Exercise goal
When you reach the line with "New England Colonies Church" in the records below, begin transcribing exactly and continue up to and including the line with "My Girlfriend is a Star chapter 25 page 37", leaving out every picture.

+++ Available data

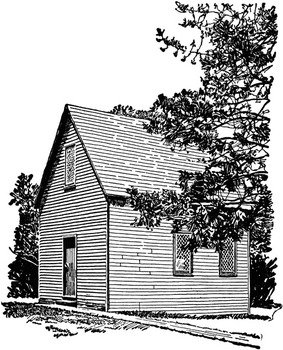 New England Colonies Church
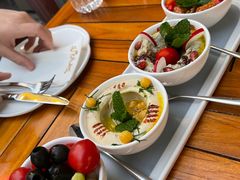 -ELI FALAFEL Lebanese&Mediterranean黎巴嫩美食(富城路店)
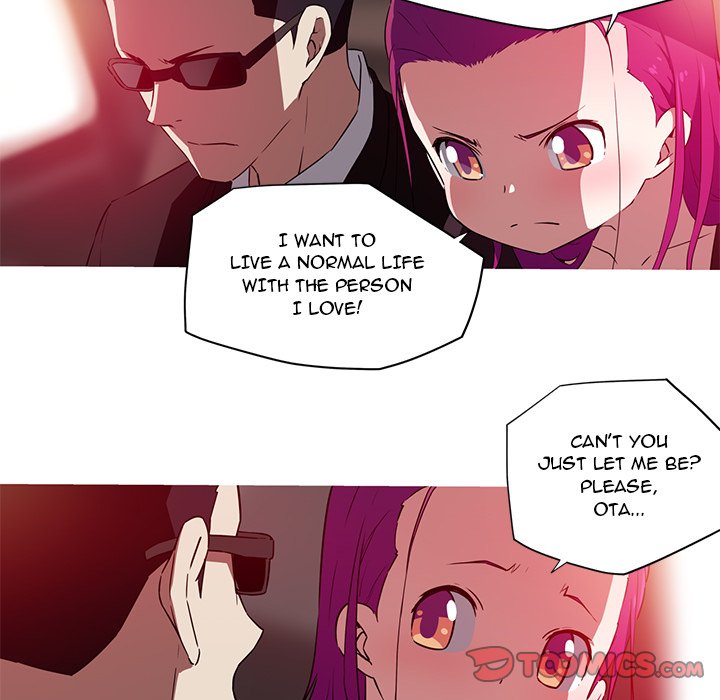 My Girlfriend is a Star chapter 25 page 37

++++++
+++ Available data

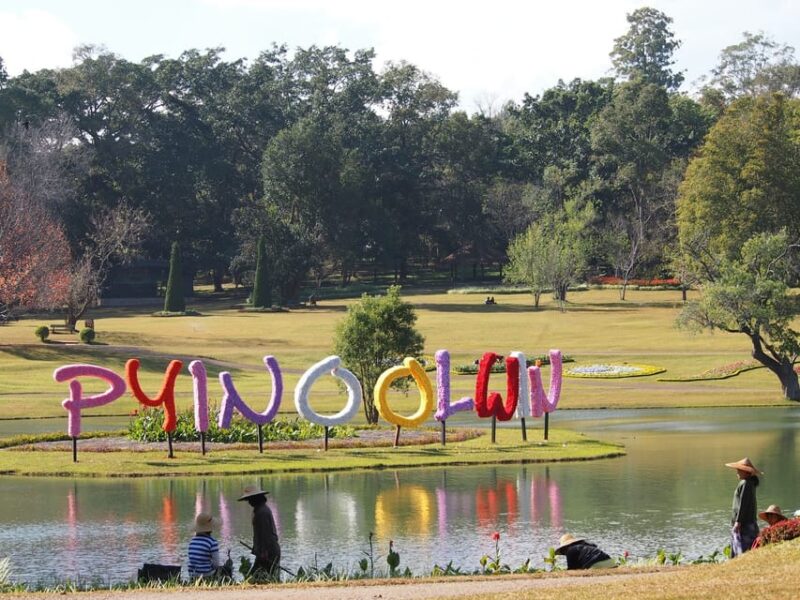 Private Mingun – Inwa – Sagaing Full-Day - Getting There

++++++

Solution below
 New England Colonies Church
 -ELI FALAFEL Lebanese&Mediterranean黎巴嫩美食(富城路店)
 My Girlfriend is a Star chapter 25 page 37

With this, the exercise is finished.